◆ **Supplied data**:
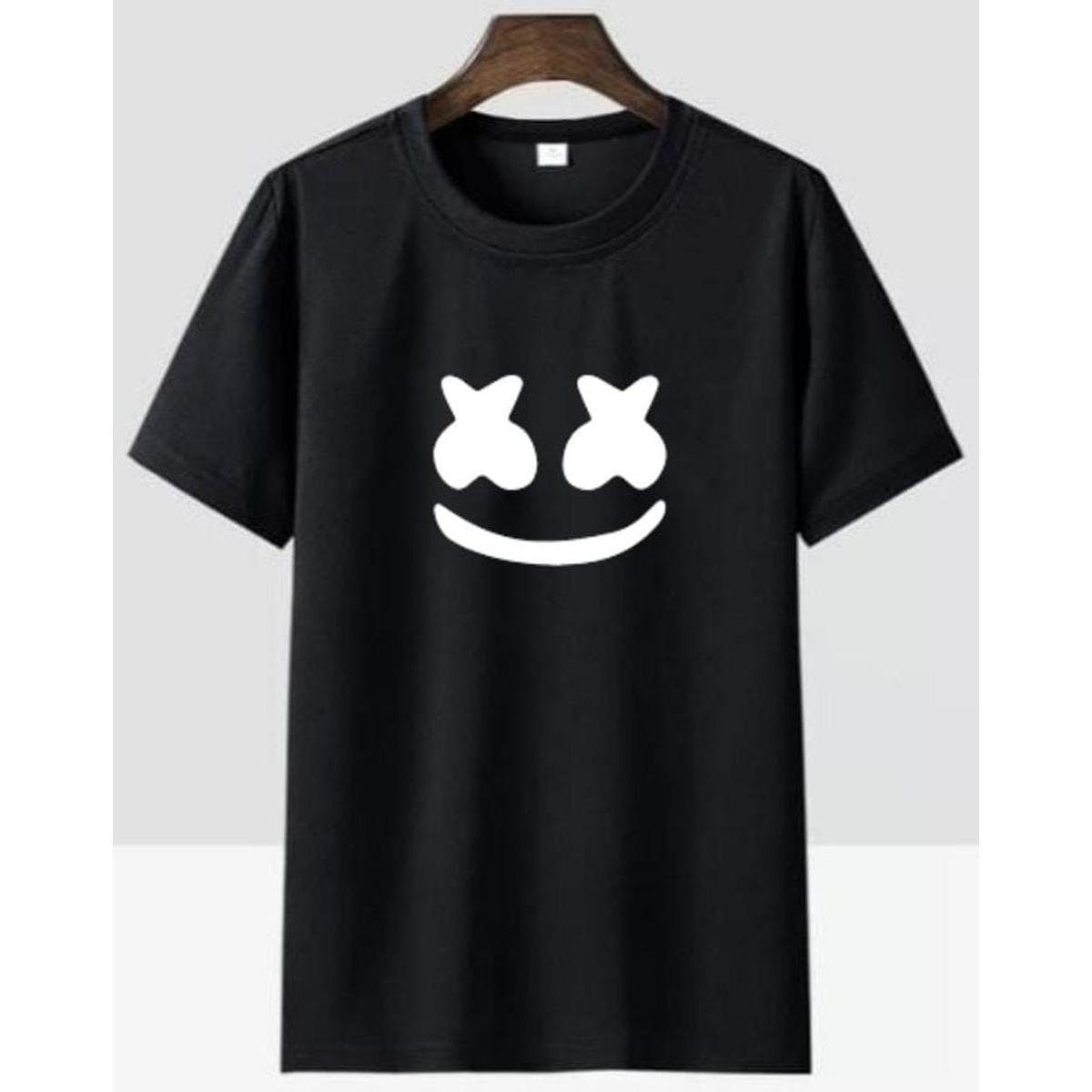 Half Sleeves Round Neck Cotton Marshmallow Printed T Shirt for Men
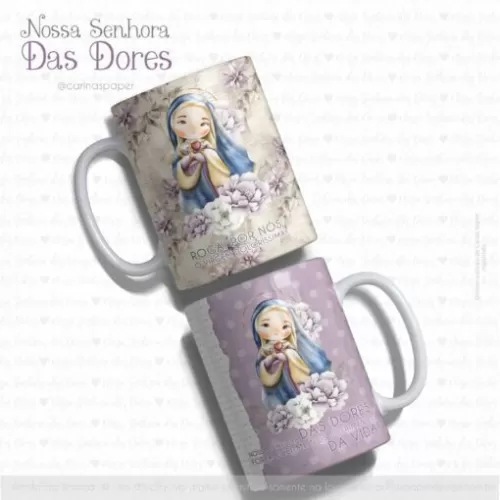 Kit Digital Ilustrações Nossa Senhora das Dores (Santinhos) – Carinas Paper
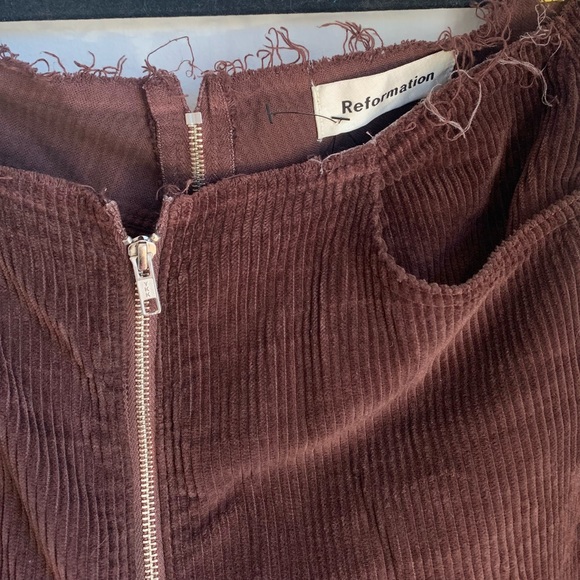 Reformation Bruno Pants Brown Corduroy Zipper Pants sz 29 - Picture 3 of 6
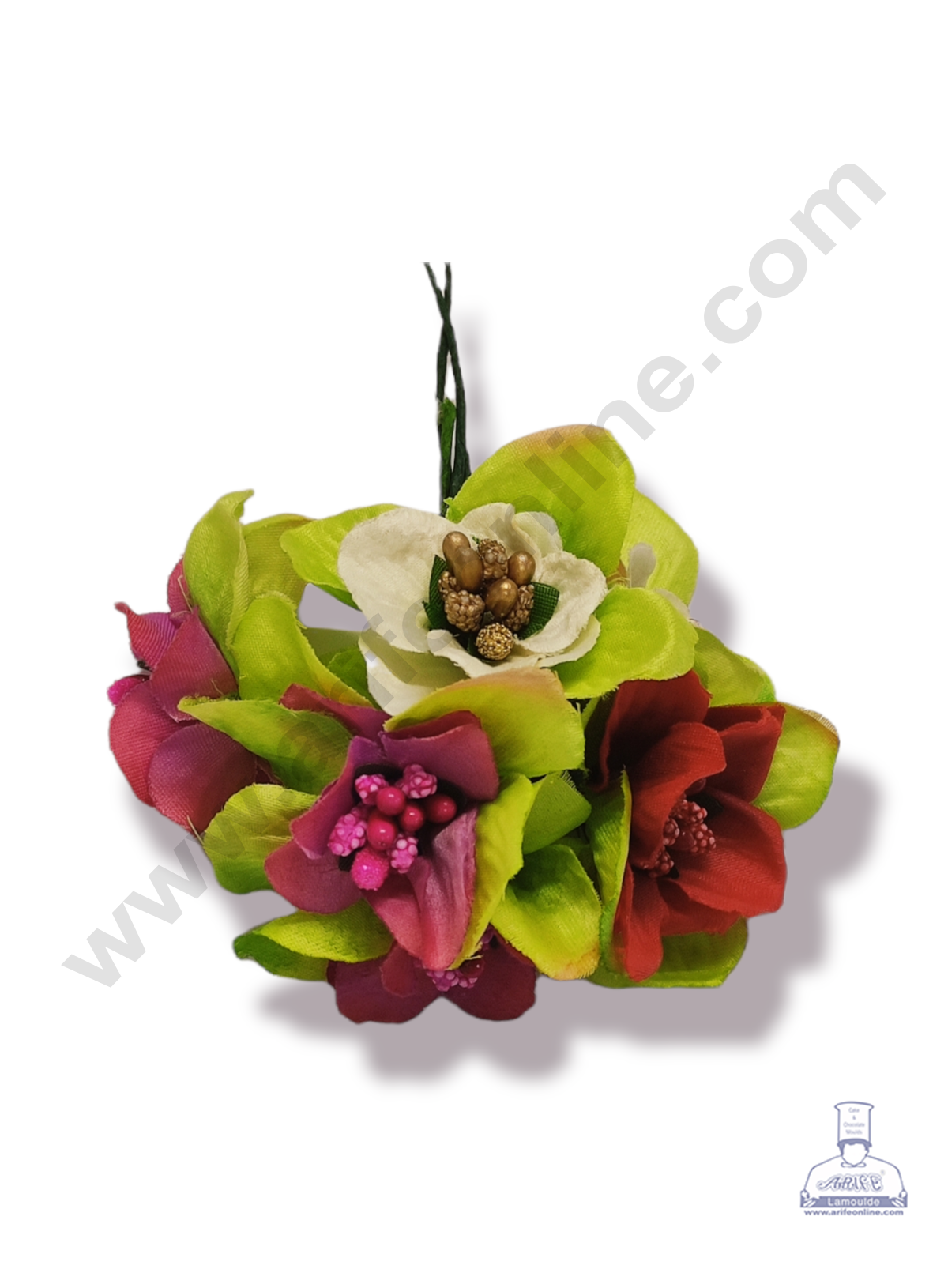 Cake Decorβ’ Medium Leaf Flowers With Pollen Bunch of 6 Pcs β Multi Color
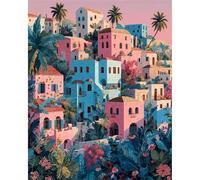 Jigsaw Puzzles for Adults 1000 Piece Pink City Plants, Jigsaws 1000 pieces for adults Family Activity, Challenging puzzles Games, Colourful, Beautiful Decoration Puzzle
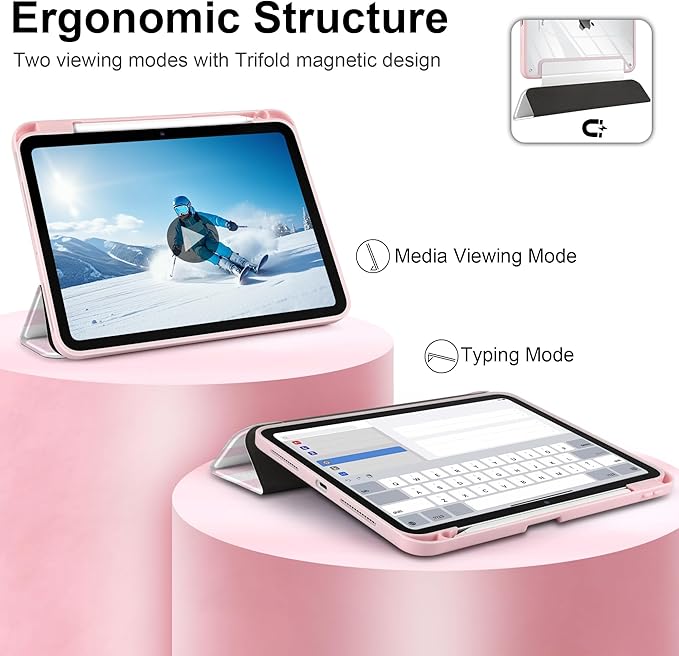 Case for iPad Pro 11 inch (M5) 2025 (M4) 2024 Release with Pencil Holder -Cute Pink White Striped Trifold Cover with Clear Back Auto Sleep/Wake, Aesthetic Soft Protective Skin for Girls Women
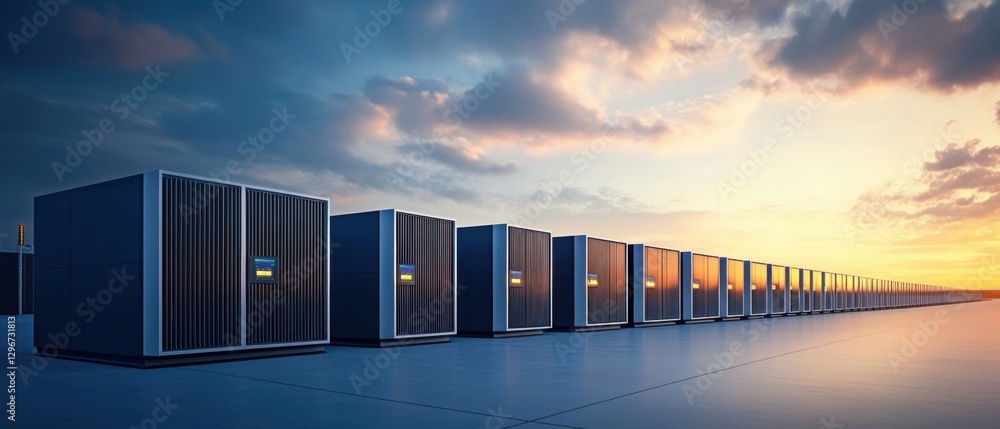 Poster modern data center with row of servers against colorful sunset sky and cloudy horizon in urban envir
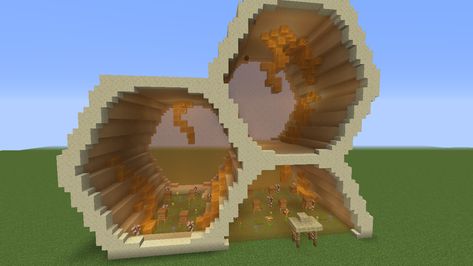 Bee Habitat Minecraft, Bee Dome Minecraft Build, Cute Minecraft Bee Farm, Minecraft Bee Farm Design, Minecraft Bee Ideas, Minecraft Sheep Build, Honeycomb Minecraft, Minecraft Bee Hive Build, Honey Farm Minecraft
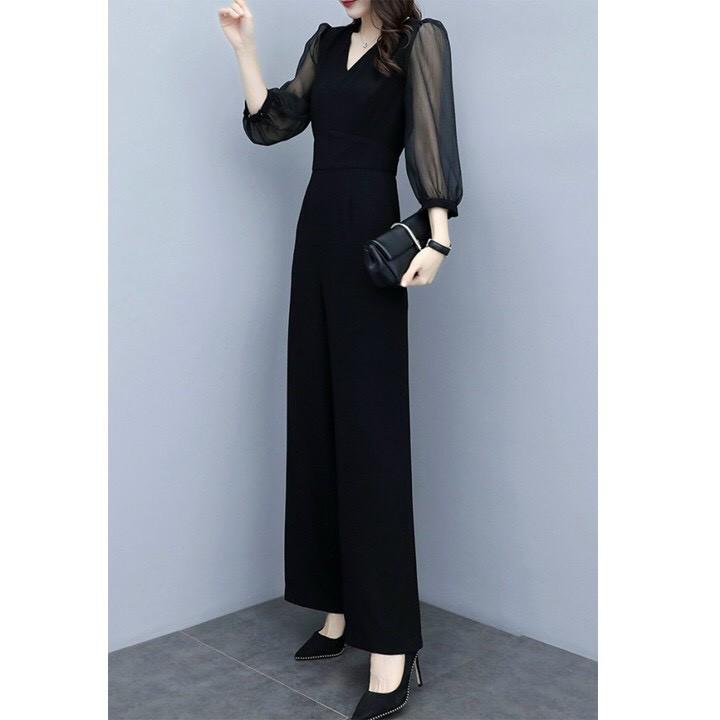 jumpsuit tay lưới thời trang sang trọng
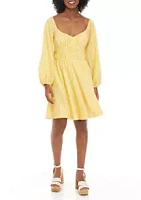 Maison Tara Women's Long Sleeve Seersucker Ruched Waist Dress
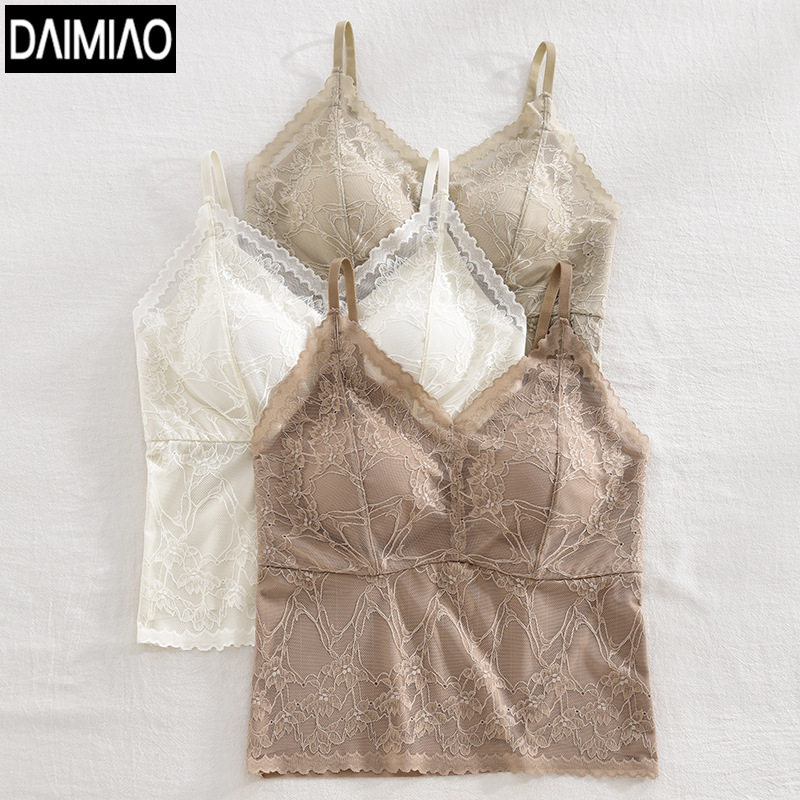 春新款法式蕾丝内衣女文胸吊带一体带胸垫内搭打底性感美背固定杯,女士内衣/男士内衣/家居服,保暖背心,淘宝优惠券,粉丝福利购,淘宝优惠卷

◆ **Task**:
Everything from the first line of the listing above through the line that contains "Case for iPad" is to be restated word for word, minus the pictures.

◆ **Response area**:
 Half Sleeves Round Neck Cotton Marshmallow Printed T Shirt for Men
 Kit Digital Ilustrações Nossa Senhora das Dores (Santinhos) – Carinas Paper
 Reformation Bruno Pants Brown Corduroy Zipper Pants sz 29 - Picture 3 of 6
 Cake Decorβ’ Medium Leaf Flowers With Pollen Bunch of 6 Pcs β Multi Color
 Jigsaw Puzzles for Adults 1000 Piece Pink City Plants, Jigsaws 1000 pieces for adults Family Activity, Challenging puzzles Games, Colourful, Beautiful Decoration Puzzle
 Case for iPad Pro 11 inch (M5) 2025 (M4) 2024 Release with Pencil Holder -Cute Pink White Striped Trifold Cover with Clear Back Auto Sleep/Wake, Aesthetic Soft Protective Skin for Girls Women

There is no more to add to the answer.